__LISTED ENTRIES__:
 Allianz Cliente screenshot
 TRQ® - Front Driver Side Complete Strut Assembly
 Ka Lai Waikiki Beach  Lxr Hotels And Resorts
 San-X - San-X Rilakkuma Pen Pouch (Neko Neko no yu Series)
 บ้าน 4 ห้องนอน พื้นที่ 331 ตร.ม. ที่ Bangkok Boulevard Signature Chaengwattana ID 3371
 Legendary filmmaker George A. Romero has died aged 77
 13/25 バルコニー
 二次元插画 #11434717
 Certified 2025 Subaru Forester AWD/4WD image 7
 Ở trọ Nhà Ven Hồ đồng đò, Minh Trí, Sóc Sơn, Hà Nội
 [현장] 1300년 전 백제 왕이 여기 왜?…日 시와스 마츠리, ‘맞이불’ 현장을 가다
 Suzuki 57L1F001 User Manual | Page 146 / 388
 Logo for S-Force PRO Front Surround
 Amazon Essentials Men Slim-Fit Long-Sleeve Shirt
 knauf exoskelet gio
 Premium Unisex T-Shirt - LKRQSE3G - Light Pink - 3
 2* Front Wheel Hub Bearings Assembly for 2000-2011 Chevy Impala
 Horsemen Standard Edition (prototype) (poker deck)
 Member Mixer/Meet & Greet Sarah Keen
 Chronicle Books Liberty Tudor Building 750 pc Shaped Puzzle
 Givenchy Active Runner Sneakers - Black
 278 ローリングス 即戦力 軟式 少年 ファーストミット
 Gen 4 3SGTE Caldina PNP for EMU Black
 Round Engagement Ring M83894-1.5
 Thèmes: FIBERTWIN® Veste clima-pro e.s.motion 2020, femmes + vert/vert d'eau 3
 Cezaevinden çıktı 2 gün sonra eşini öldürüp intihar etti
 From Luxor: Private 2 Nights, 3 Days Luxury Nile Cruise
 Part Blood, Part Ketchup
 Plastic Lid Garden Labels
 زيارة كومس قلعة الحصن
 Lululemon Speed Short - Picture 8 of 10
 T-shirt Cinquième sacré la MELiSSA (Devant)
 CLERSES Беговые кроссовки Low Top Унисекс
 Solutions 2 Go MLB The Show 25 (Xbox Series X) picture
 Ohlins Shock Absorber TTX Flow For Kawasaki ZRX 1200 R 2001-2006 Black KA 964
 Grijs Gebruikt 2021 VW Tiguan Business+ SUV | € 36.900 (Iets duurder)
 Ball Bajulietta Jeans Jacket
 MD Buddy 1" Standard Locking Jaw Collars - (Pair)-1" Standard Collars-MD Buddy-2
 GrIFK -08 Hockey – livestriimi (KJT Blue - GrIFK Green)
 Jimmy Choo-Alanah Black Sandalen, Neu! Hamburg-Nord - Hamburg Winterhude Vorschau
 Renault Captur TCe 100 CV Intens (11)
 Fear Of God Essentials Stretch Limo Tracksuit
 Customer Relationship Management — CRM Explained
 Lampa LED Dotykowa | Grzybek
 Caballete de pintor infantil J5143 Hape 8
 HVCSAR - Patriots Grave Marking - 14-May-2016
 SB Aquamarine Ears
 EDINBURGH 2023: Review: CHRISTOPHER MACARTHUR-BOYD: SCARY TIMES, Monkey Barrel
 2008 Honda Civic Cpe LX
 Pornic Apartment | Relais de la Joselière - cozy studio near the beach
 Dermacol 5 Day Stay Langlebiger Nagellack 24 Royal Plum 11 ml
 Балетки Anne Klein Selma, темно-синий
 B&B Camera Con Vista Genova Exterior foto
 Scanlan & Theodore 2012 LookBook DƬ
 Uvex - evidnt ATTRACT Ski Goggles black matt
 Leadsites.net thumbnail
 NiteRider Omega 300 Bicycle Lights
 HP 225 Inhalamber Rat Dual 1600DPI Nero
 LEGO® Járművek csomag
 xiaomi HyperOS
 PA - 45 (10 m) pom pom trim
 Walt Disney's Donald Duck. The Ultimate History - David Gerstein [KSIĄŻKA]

__ABOUT THIS TASK__: Where a line of the material holds the word "Assembly", copy that line.

__RESULT FOR THIS EXERCISE__:
 TRQ® - Front Driver Side Complete Strut Assembly
 2* Front Wheel Hub Bearings Assembly for 2000-2011 Chevy Impala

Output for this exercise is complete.